As I mention at TMC, it’s not just an aversion to welfare. Xi emphasized the vital role of China’s entrepreneurs and called for lower taxes on small businesses. The speech has nothing fundamentally anti-capitalist or anti-consumerist. There’s nothing about sacrifice or giving up for the common good (unless you’re uber-rich). Hard work, yes.
These two perspectives contain the promise and limits of common prosperity. It’s a serious endeavor but with real ideological limits. But my former Stanford classmate Yuen Yuen Ang noticed a fascinating detail at the end of the speech that tipped me over into wanting to write the explainer:
Here’s my perspective on this “remarkable admission”:
‘Common Prosperity’ is not a single number
Xi recognized that reaching this complex goal will be difficulty, but he emphasized “it can neither wait nor be rushed.” He did not reveal any details about how he planned to “correctly handle the relationship between efficiency and fairness.”
One interesting section at the end of his speech included an admission of deficiencies in the anti-poverty campaign, one of Xi’s signature victories. As political scientist Yuen Yuen Ang noted, Xi states that pursuing common prosperity is “unlike the poverty eradication campaign” in that “we should not adopt a uniform quantitative target.” Xi expressed real concern that despite the campaign’s hitting its numerical goal, the Chinese government still needed to make sure to “prevent those lifted from poverty from returning to poverty en masse.”

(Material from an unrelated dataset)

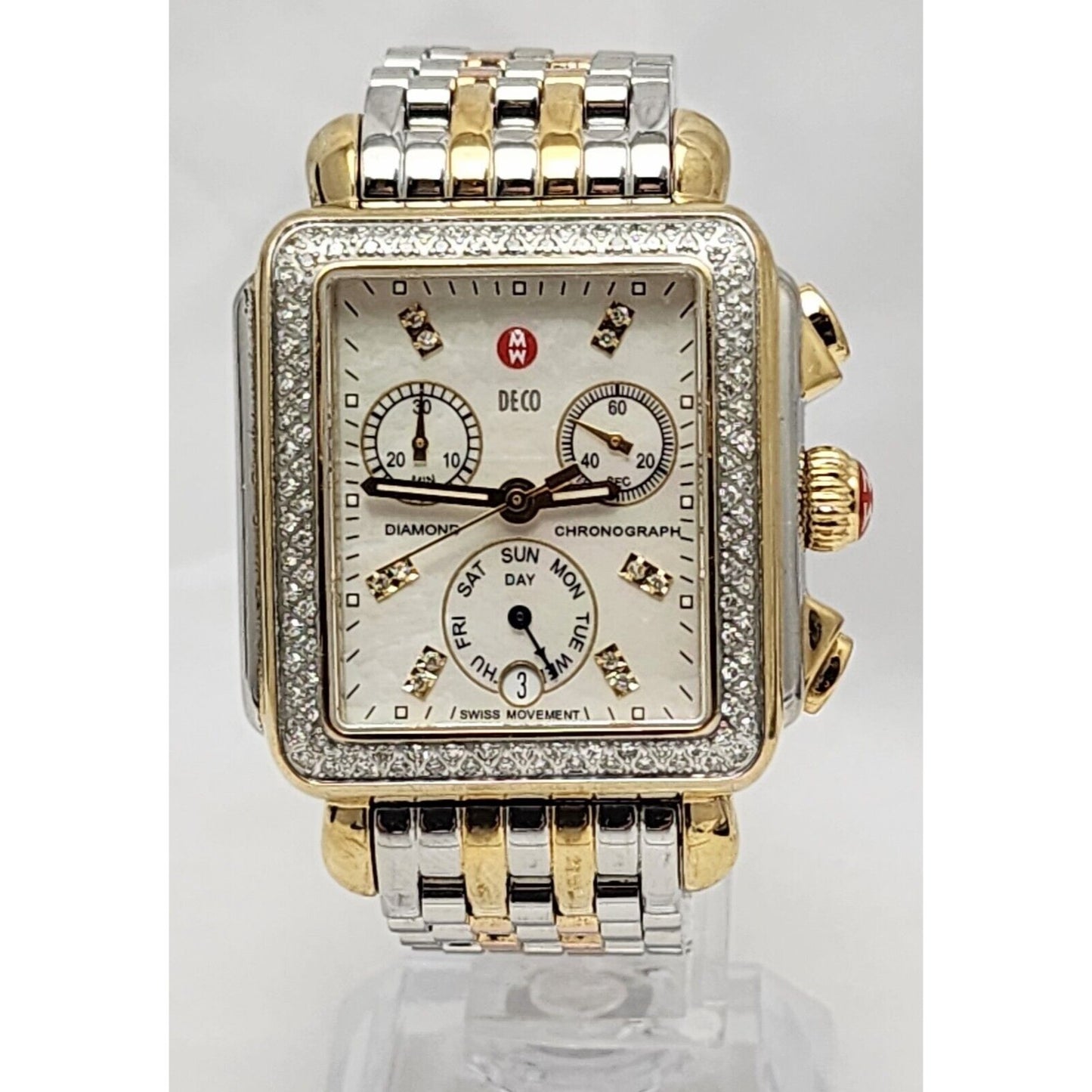 Michele Deco Diamond Bezel Square Face Two Tone 0.66ct Ladies Watch MW06P01C5046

Given that I’m finishing a book about ideology and quantification, this was too good of a detail to pass up.
A few more thoughts.
Common purpose. I don’t get into the “common purpose” side of things, and Xi’s speech didn’t really either. [Here’s an interesting essay that tries to do so.] There’s a tiny bit in the initial paragraphs, but the fifth (of 6) sections includes this (Neican’s translation):
We must strengthen the guidance of the Socialist Core Values, and education on patriotism, collectivism and socialism. We must develop [our] public culture enterprise, improve the public culture service system, and continuously meet the diverse, multi-levelled, and multi-faceted spiritual, moral and cultural needs of the people.

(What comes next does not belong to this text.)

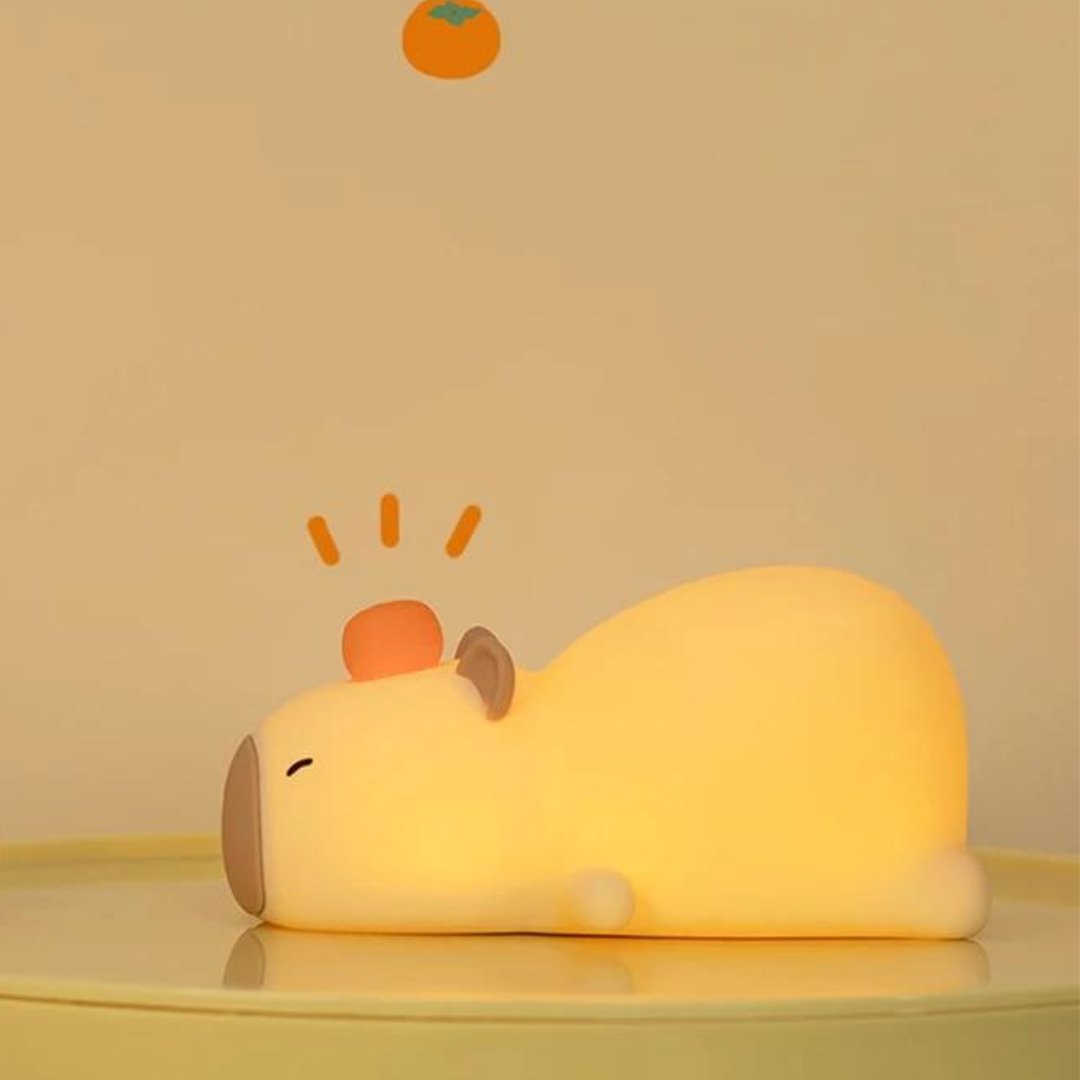 Luz Noturna LED Sensor de Toque USB Recarregável - Capivara Dormindo Iluminação015 Cama Conforto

Contradict yourself much? The party-state needs to strengthen ideological guidance but simultaneously “continuously meet the diverse, multi-levelled, and multi-faceted spiritual, moral and cultural needs of the people”??? It’s obvious but, tell that to the people of Xinjiang. Or house churches or FLG supporters. Or even labor organizers or feminists or rights lawyers. Lots of people with ideas about how to make meaning in their lives have been squashed by an increasingly coercive regime.
Where does ‘common prosperity’ come from? It’s become a Xi-ism but the excellent Karrie Koesel found discussion of it in the 1990s in her dataset of gaokao materials. The 1994 exam include the following question paired with the answer key.

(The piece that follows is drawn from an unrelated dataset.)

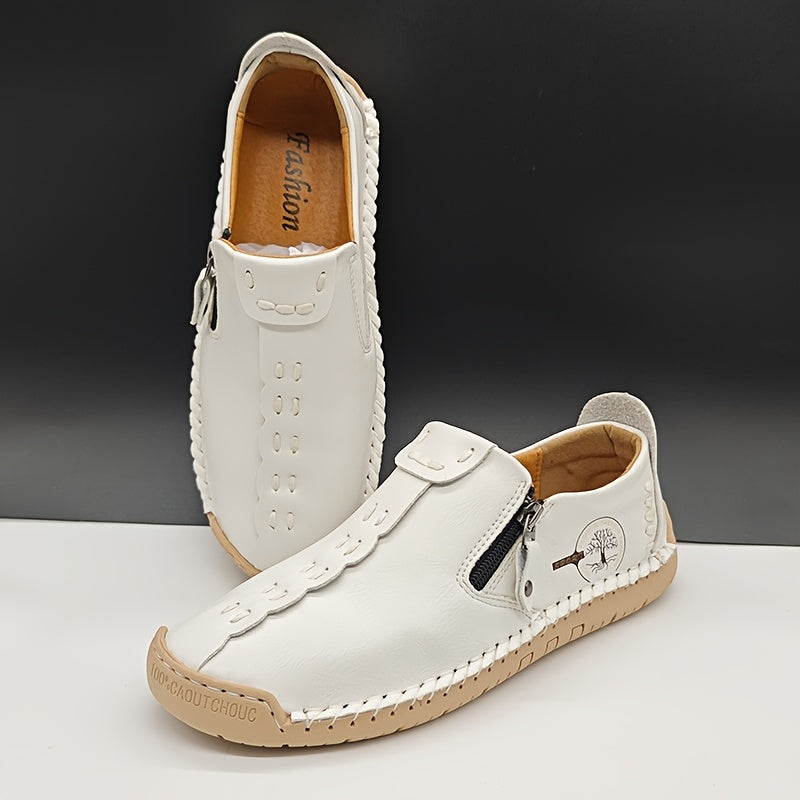 Men'S Vintage Loafers - Handmade Synthetic Shoes with Zipper Closure, Round Toe & Rubber Sole, Brown & Black Design for Casual & Formal Wear, Formal Footwear, Durable Footwear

The basic point is “common prosperity” refers to prosperity of everyone, while “first prosperity” refers to allowing and encouraging some regions and individuals to prosper first. As China has become richer, the country can now shift focus to considering “common prosperity.” Of course, no lazy people though.
Where is this heading? It remains unclear how far this movement will go. As I argued, this and similar diagnoses have been around for a long time (e.g. Wen’s Four Uns). Real, costly actions are being undertaken, but the real estate-led growth model has deep connections to the cadre evaluation system, local government financing, household wealth, cadre power (and corruption), and more. And as of today, it looks like Evergrande pulled a rabbit out of a hat. That’s a metaphor, they pulled $83.5 million dollars out of some accounts and made a coupon payment that was due 29 days ago. Keeping around zombie firms is an unlikely path to common prosperity.
As always, the extent to which it was post-hoc edited is unclear.